Sacharow- und Nobelpreis für Iranerinnen: Schlag ins Gesicht der Mullahs

In Europa gehen wichtige Würdigungen an Narges Mohammadi und die Familie von Jina Mahsa Amini. Die Angst der Mullahs zeigt den Wert dieser Preise.

Ein Foto von Narges Mohammadi bei der Preisverleihung. Davor ihre Kinder Ali und Kiani Rahmani

In Abwesenheit geehrt: Narges Mohammadi. Davor ihre Kinder Ali und Kiani Rahmani Foto:

Am diesjährigen Tag der Menschenrechte wird der Friedensnobelpreis in Oslo verliehen. Doch die Preisträgerin Narges Mohammadi kann die Auszeichnung nicht persönlich in Empfang nehmen, sie befindet sich im berüchtigten Evin-Gefängnis von Teheran. Dort tritt sie in einen eintägigen Hungerstreik.

Sie schließt sich damit ihren Mitinsassinnen Fariba Kamalabadi und Mahvash Sabet an, zwei Angehörigen der religiösen Minderheit der Baha’i. Deren An­hän­ge­r*in­nen erleben aktuell wieder eine heftigere Verfolgungswelle durch das Regime. Dass Mohammadi an diesem Tag erneut ihre Gesundheit riskiert, um auf Missstände hinzuweisen, bestätigt, dass ihr der Friedensnobelpreis 2023 zu Recht verliehen wurde.

Doch nicht nur Narges Mohammadi wird dieser Tage geehrt. Der Sacharow-Preis des Europäischen Parlaments soll in diesem Jahr an Jina Mahsa Amini und die „Frau, Leben, Freiheit“-Bewegung in Iran gehen. Die junge Kurdin wurde im September 2022 von der iranischen Sittenpolizei wegen eines angeblich falsch sitzenden Kopftuchs zu Tode geprügelt. Damit löste sie die größte Protestbewegung im Land unter dem Motto „Frau, Leben, Freiheit“ aus.

Ihre Familie sollte den Preis nun stellvertretend für sie in Empfang nehmen. Doch trotz gültiger Visa wurde ihnen von den Machthabern Irans die Ausreise nach Frankreich verwehrt. An ihrer Stelle soll der Anwalt Saleh Nikbacht den Preis in Empfang nehmen, der in Frankreich lebt.

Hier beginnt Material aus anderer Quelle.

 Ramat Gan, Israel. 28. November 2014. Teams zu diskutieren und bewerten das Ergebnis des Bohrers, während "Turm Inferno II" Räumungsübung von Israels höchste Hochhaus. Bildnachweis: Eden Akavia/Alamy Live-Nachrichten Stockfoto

Die Islamische Republik zeigt damit erneut, wie sehr sie solche Preise für die iranische Zivilgesellschaft fürchtet. Die Würdigungen sind also nicht nur Symbolik, wie Kritiker behaupten. Sie sind eine konkrete Unterstützung des Freiheitskampfes der Menschen, eine Bestätigung für den Mut – und ein Schlag ins Gesicht der Mullahs.

Während sich Mohammadi an ihrem „großen Tag“ im Gefängnis im Hungerstreik befindet und Aminis Familie nicht ausreisen darf, um die Ehrung ihrer ermordeten Tochter in Empfang zu nehmen, sitzen die Vertreter der Islamischen Republik in wichtigen UN-Gremien, sitzen dem UN-Sozialforum vor und reisen derzeit nach Genf, um am Flüchtlingsforum der UNHCR teilzunehmen. Absurder geht es wohl kaum.

Mit dem Friedensnobelpreis und dem Sacharow-Preis gehen in diesem Jahr zwei der höchsten politischen Auszeichnungen an die Menschen in Iran. Ihr Kampf wird gesehen und gewürdigt. Nun ist es an der Zeit, dass auch westliche Regierungen diesen Kampf würdigen und ihre Unterstützung für die Machthaber der Islamischen Republik beenden und sich damit endlich auf die Seite der Zivilgesellschaft stellen.